The snow-dusted dramatic horror film that debuted at last year’s Sundance Film Festival holds similar appeals and poses similar challenges. Those taken to Franz and Fiala’s slow-burn cerebral approach to genre storytelling will undoubtedly have their newest intervention lodged in their memory, while those who found the pacing of Goodnight Mommy too slow for their tastes are unlikely to be overnight converts. Their style as icy as the snow-white oblivion in which The Lodge is set, appealing to a grand and intentionally opaque sense of mystery that haunts both their characters and their audience.  

[READ MORE: Our review of the disturbing identity horror film ‘Goodnight Mommy’ from directors Veronika Franz and Severin Fiala]

The Lodge introduces us to its circumstances like a shot to the head. With a shot to the head. Laura (Alicia Silverstone), devastated that separated husband Richard (Richard Armitage) wants to finalize their divorce so he can marry his new, younger girlfriend, points a revolver in her mouth and pulls the trigger. Six months pass and, to the surprise of no one, surviving children Aidan (Jaeden Martell) and Mia (Jia McHugh) have no interest in developing a relationship with their would-be-stepmom Grace (Riley Keough).

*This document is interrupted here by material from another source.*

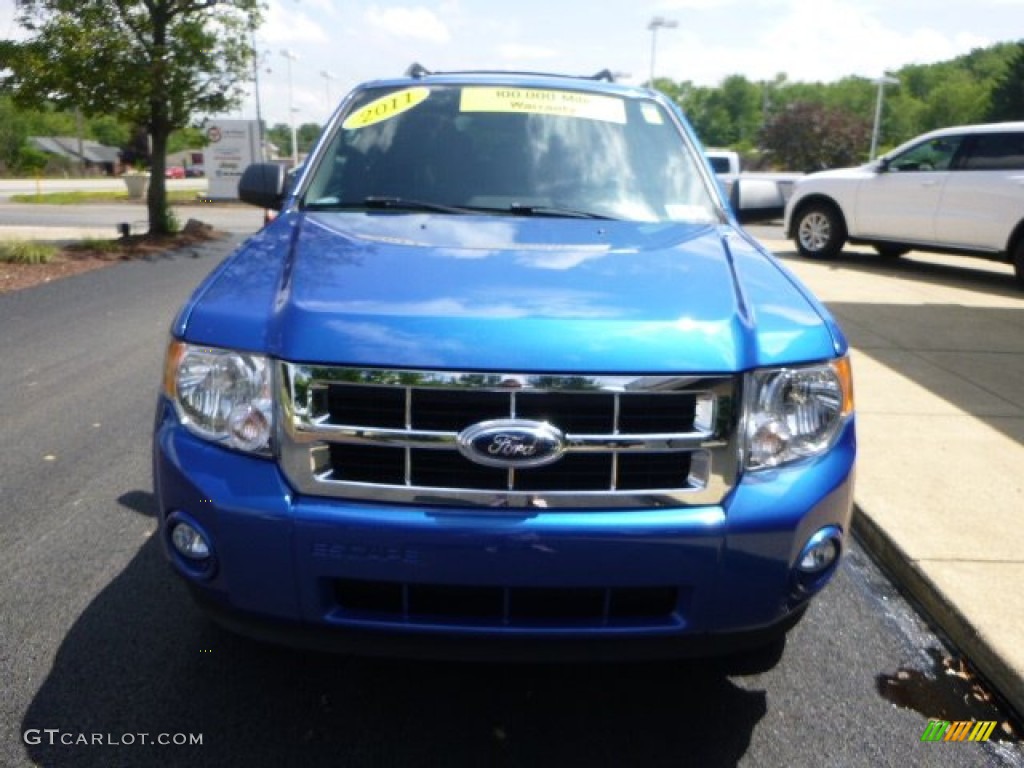 2011 Escape XLT V6 4WD - Blue Flame Metallic / Charcoal Black photo #4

Used to having to prevail in difficult circumstances, Grace takes up the challenge of spending a few days alone with the kids in the family’s lakeside cabin in the should-be-cheery days leading up to Christmas. The interaction doesn’t go well. 

Holiday cheer in short supply, a war of attrition begins. Shut out, ignored, and left to fill her time in frostbit solitude, Grace cannot get Aidan and Mia to warm up to her, despite promises of free-range junk food and staying up late to watch R-rated movies. After a night of The Thing and popcorn, the three awake to find everything they need to get along in the middle of nowhere gone. Winter coats, all the food in the pantry, electricity, cell phone charge. Grace’s dog. All gone. Even the backup generator is down. Grace suspects that her soon-to-be step-kids are messing with her but fears something far worse might be at play: a vengeful God punishing her for her role in the family’s dissolution. 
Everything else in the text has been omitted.